Вот берет руками платье,
Подбирает край подола
И несет в руках метелку,
Веником живот прикрывши.
Так идет она поспешно
При жестоких муках чрева...
И когда дошла до места,
Говорит слова такие:
«Надыши, конек мой милый,
Надыши, моя лошадка,
Сделай теплый пар, как в бане,
Теплоты побольше дай мне,
Чтоб покой нашла бедняжка,
Чтоб была несчастной помощь».
В Библии царь Ирод узнает о рождении Христа от мудрецов-книжников по рождественской звезде на небе; он повелевает истребить в Вифлееме всех подозреваемых младенцев, и начинается бегство Святого семейства в Египет. В рунах родившийся младенец воспитывается у матери, но ускользаете ее колен, теряется в лесу, и Марьятта пускается в поиски. Она спрашивает у звезды (в варианте Архипа Перттунена: у дороги), затем у луны и солнца, где ее дитя. Звезды и месяц не знают ответа, к тому же они в обиде на то, что созданы светить на холодном небе. Только солнце с радостью сообщает, что затерявшийся младенец забрел на болото, но цел и невредим.
Отыскавшегося младенца предстоит окрестить — это символ новой веры. Крестить собирается Вироканнас (в некоторых вариантах просто: священник), но перед этим младенца показывают Вяйнямейнену, чтобы он оценил и одобрил его. Суд старца суров: младенца следует отнести обратно на болото. Но тут чудесный младенец заговорил сам, обнаруживая мудрость и упрекая старца в слепоте. Раздосадованный Вяйнямейнен покидает родные пределы, он скрывается из виду на самом горизонте, где земля соединяется с небосводом.
Уже предшествующая, сорок девятая, руна завершалась на мажорной ноте: долгая борьба с Лоухи, насылавшей на калевальцев разные беды, кончилась их победой: небесные светила вновь возвращены на подобающее место и шлют свет и тепло людям, жизнь будет продолжаться.
Еще до выхода расширенной редакции «Калевалы» в свет Лённрот в конце 1848 — начале 1849 гг. изложил в двух номерах газеты «Литературблад» краткое содержание каждой из пятидесяти рун, и о заключительной руне говорилось следующее: «С поражением Похъёлы эпоха Вяйнямейнена уже исчерпала себя. С наступлением христианства новые идеи проникают в страну Калевалы и находят поддержку у ее народа. Подобно другим своим сподвижникам, совершавшим добрые дела, Вяйнямейнен не может представить себе, чтобы добро исходило не от него.
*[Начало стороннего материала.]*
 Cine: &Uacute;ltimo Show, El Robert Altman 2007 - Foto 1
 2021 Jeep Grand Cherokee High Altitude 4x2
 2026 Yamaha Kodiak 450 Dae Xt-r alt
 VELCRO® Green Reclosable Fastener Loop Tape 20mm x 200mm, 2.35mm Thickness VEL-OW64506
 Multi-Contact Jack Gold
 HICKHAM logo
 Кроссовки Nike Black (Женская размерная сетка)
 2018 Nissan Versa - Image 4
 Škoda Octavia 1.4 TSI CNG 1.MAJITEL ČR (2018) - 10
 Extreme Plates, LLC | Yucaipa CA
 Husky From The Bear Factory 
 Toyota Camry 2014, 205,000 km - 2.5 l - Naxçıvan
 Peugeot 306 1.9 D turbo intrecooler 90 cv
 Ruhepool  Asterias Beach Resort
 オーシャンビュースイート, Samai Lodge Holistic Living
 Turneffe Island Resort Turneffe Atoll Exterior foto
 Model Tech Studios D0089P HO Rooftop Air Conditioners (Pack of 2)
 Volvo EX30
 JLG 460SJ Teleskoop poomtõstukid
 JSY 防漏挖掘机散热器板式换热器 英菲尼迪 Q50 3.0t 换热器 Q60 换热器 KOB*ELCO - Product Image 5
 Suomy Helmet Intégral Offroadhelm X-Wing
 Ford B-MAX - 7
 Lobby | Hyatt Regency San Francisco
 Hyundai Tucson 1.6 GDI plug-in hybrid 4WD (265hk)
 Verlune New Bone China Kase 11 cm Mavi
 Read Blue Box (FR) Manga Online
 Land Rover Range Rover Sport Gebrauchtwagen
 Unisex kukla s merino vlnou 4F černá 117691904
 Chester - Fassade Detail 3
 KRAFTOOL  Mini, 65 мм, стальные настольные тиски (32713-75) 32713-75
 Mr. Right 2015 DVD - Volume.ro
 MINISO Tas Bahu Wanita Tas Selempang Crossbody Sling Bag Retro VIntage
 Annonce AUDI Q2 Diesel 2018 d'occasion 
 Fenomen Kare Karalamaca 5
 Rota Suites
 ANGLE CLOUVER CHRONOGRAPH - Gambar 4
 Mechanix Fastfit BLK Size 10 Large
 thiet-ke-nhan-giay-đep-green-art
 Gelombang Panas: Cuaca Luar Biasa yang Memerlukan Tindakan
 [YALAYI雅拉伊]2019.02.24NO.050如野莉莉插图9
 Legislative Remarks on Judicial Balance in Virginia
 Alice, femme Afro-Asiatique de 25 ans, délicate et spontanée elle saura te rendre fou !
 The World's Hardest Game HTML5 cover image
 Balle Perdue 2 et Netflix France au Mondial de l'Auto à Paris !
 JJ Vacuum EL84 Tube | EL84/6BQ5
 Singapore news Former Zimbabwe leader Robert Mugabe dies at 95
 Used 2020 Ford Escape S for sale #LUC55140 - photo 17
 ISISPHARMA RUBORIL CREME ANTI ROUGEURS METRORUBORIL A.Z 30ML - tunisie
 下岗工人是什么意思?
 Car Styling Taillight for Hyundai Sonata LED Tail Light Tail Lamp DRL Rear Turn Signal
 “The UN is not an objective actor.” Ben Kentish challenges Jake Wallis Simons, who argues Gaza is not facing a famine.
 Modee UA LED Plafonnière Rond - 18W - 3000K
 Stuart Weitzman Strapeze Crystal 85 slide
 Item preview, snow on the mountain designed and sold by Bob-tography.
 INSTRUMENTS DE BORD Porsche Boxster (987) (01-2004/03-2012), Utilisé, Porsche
Отсюда его досада на успехи христианства и его решение покинуть неблагодарный народ».
Однако кончается последняя руна «Калевалы» словами Вяйнямейнена о том, что потомки еще вспомнят о нем и что ему найдется место в будущем.
Вот исчезнет это время,
Дни пройдут и дни настанут,
Я опять здесь нужен буду,
Ждать, искать меня здесь будут,
Чтоб я вновь устроил Сампо,
Сделал короб многострунный,
Вновь пустил на небо месяц,
Солнцу снова дал свободу:
Ведь без месяца и солнца
Радость в мире невозможна.
В наследство потомкам Вяйнямейнен оставляет свои песни и кантеле.